MONTRÉAL, Feb. 18, 2008 -- A new report released by Markets Initiative, an environmental publishing organization, shows a dramatic increase in recycled paper sales in 2007, despite difficult economic conditions for Canada's paper mills.

Although many paper producers faced record losses and mill closures in 2007, green paper mills fared well with increased sales and market access. One mill, Cascades Fine Paper, saw a 235 percent jump in the sales of their 100 percent recycled paper. Sales for Domtar Inc's FSC paper doubled from 2006 to 2007.

More than 520 Canadian book publishers, magazines, newspapers and printers now have Ancient Forest Friendly or eco-paper purchasing policies in place, up from 172 publishers, printers and magazines at the beginning of 2007. The change represents a 300 percent increase. Meeting this increased market, seventeen additional eco-papers were available to publishers in 2007.

Ancient Forest Friendly is a Markets Initiative program that encourages Canadian publishing companies to use recycled paper or paper from sustainable growing operations.

Market Initiatives also found these environmental initiatives -- including printing publications on recycled paper -- are greatly supported by Canadian consumers. Ninety-five percent of Canadians say an environmental policy and progress toward meeting its targets are important benchmarks of a publishing company's environmental integrity.

"The only bright light for the paper industry this past year has been a green light," said Nicole Rycroft, executive director of Markets Initiative. "The forestry and paper industries are often deemed to lack innovation, but with green product demand rising as it is, there are a number of Canadian mills already benefiting from environmental innovation. This is good news for the climate and Canada's Boreal Forest."

She added while environmental leadership has been strong companies must make concrete environmental actions to gain consumer trust.

Despite the good news for the green paper industry, the report cautioned that the publishing industry contains a large amount of green washing that consumers should look out for.
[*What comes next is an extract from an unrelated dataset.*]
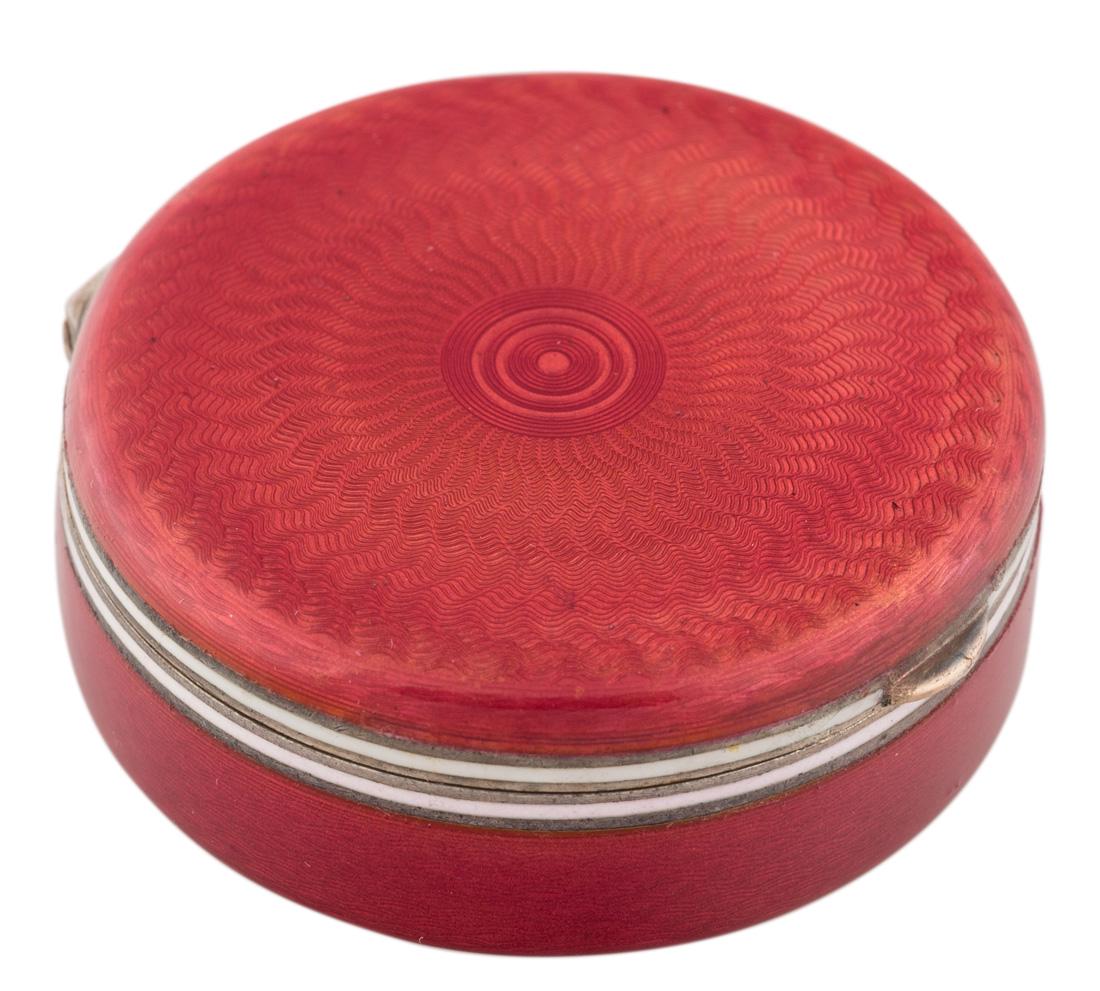 A RUSSIAN SILVER-GILT AND GUILLOCHE ENAMEL PILL BOX, (1 of 3)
The report found 78 percent of Canadians believe companies are marketing themselves to be greener than they really are in practice. The report noted recent examples of companies overstating their environmental actions, including U.S. magazines that have run "green" issues on 100 percent virgin paper, including Vanity Fair and Elle U.S., while Nippon Paper Group and Oji Paper Co., Japan's largest paper producers, have been caught in a green marketing scandal.

In January of 2008 Nippon Paper Group admitted it had falsified a claim about the quantity of recovered fiber in a number of its paper products. Oji Paper admitted to claiming that the amount of recycled paper in its copy and printing paper was 50 percent, when in fact it was between 5 to 10 percent.

The report suggested that publishers building green brands not to underestimate the ramifications of greenwashing to an increasingly informed and savvy consumer base.